To promote its new Harrison Ford family-man-in-peril (does he do no other?) movie, Firewall, Warner Brothers has launched Inside the Firewall, a site created by Pod Digital which introducs a game in which the player has to find his way out of a room using available clues. Apparently, the game's getting alot of buzzz in forums with players exchanging clues and hints. Us? We're just going to go see the movie to see how Harrison gets out of yet another one of his messes.
Perhaps we're just noticing it or perhaps it just occurred but those silly folks over at Pherotones have, apparently, kicked off a roadblock buy on Gawker, slapping their ad banners all over the front page of the gossip site. McKinney Silver is behind the campaign and some have opined it may have to do with their client Qwest or maybe Tom Cruise has just them to create an offshoot of Scientology. (Bertram, that's a joke)
In a commercial created by Dallas-based TM, Fabio will foist his romance novel persona upon us for Nationwide Insurance, the company's first Super Bowl commercial. The ad, which looks like a shampoo commercial, is replete with romantic cheesiness with Fabio dressed as a gondolier in Venice and over the top imagery of blooming flowers and white horses...all to sell insurance.
Back in August 2005, Ben Affleck signed a $1,8 million deal with Lynx (Axe in the States) to appear in several commercials. Adland points to this spot which features Affleck clicking his way through the day counting each time a female checks him out. At the end of the day, he's quite pleased with his click total, that is, until he gets on the elevator.
Random Culture points us to the Amazon Fishbowl, an online show launching in June and hosted by Bill Mahr which will feature live musical performances, interviews with authors, directors and actors and a UPS-sponsored "special delivery" to an Amazon customer. According to the site, the show will be streamed beginning at 8PM on June 1 so that it "broadcasts" as does TV. Random Culture notes, and we agree, it might be nice if the show was available to download either as file or as podcast allowing the viewer to watch it on their own time rather than Amazon's time.
In the premier episode, Mahr interviews Stephen King, Paul Rieser makes a UPS delivery and Mahr speaks with screenwriter Armistead Maupin. It could be a nice tie-in for UPS if they hook up with the right celebu-deliverers.
In the works since last year, tire maker Pirelli will, in March. release The Call, a 10-minute video, created by Leo Burnett and set in the Vatican, starring John Malkovich who plays a priest and Naomi Campbell who plays the devil. Using the power stuggle between good and evil, Pirelli claims the film, directed by Antoine Fuqua, will be a metaphor for the company's "power is nothing without control" tagline. The film will be released exclusively online and receive promotion through online, print and television.

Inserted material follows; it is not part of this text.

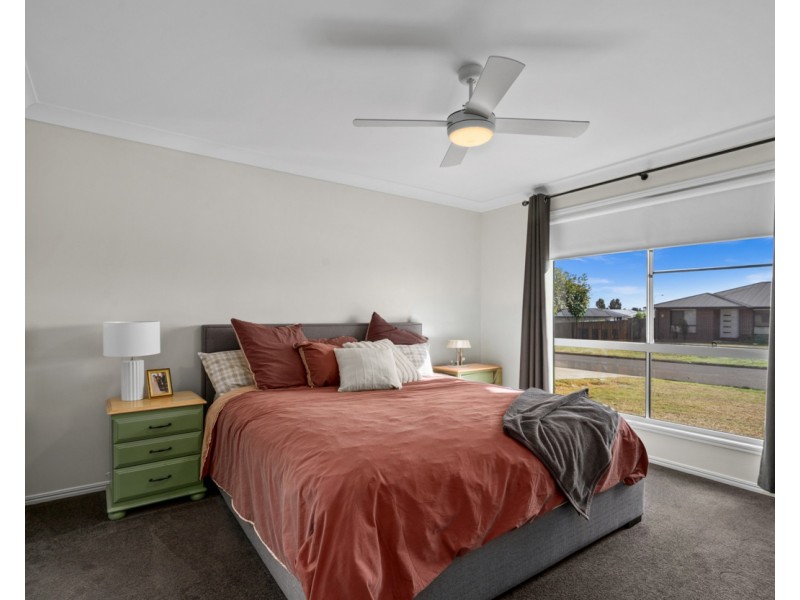 112 Magpie Drive, Cambooya QLD 4358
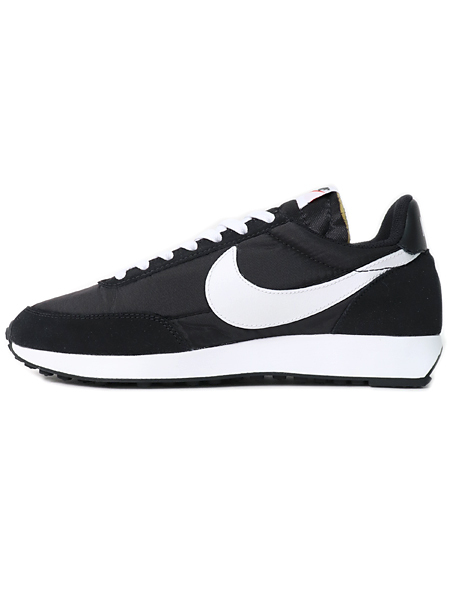 air tailwind 79 black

This is Hollywood-style, celebrity-powered ad is sure to give Russell Crowe plenty of ammunition to further castigate celebrities for selling out. That said, if we, as an industry want better ads, we have to tap better talent. Big names bring a sea of eyeballs and getting noticed in today's media environment is becoming an impossible task. Granted, Malkovick, though a superb actor, isn't A-list in terms of popularity and Campbell, while very popular, is no Malkovich in the acting department but together, they just might bring some notoriety and sales to Pirelli and its sleepy, commodity-like category of automotive tires.